What you have to do:
Copy out each line below containing "with".
=== Provided material ===
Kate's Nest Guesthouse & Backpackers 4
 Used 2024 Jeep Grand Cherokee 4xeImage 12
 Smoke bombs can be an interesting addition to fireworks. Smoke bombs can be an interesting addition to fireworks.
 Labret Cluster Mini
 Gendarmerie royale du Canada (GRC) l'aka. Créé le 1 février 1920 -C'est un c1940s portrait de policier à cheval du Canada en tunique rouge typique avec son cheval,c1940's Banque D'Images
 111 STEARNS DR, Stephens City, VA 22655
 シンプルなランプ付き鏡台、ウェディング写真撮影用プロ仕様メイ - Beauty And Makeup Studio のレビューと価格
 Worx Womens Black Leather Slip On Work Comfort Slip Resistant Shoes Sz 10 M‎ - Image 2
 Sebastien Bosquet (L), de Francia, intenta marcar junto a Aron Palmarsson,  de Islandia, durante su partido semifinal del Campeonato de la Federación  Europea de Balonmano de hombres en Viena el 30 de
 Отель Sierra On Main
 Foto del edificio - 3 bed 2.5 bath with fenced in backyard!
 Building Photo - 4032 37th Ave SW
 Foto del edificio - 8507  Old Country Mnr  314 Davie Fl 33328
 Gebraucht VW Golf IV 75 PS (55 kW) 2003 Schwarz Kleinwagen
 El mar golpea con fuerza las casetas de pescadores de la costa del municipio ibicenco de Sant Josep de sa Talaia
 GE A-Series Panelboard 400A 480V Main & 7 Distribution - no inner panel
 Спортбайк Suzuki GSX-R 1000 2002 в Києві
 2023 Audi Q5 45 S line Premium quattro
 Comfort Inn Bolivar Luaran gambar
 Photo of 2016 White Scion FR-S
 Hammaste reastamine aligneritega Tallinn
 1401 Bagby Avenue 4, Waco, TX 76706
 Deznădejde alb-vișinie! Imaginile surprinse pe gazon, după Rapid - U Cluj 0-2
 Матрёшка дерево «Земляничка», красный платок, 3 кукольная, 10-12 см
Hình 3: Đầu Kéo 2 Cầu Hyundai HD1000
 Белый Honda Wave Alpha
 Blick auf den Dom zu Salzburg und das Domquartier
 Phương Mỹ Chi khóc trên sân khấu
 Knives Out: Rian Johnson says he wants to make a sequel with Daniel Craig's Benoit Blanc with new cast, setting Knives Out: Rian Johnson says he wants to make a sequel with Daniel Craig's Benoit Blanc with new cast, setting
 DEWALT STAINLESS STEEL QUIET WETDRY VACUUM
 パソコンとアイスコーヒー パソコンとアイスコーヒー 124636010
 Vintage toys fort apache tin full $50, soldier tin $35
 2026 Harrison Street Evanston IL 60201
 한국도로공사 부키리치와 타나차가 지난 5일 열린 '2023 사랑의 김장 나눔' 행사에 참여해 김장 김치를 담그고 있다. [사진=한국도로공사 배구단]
===
Output:
 Foto del edificio - 3 bed 2.5 bath with fenced in backyard!
 Knives Out: Rian Johnson says he wants to make a sequel with Daniel Craig's Benoit Blanc with new cast, setting Knives Out: Rian Johnson says he wants to make a sequel with Daniel Craig's Benoit Blanc with new cast, setting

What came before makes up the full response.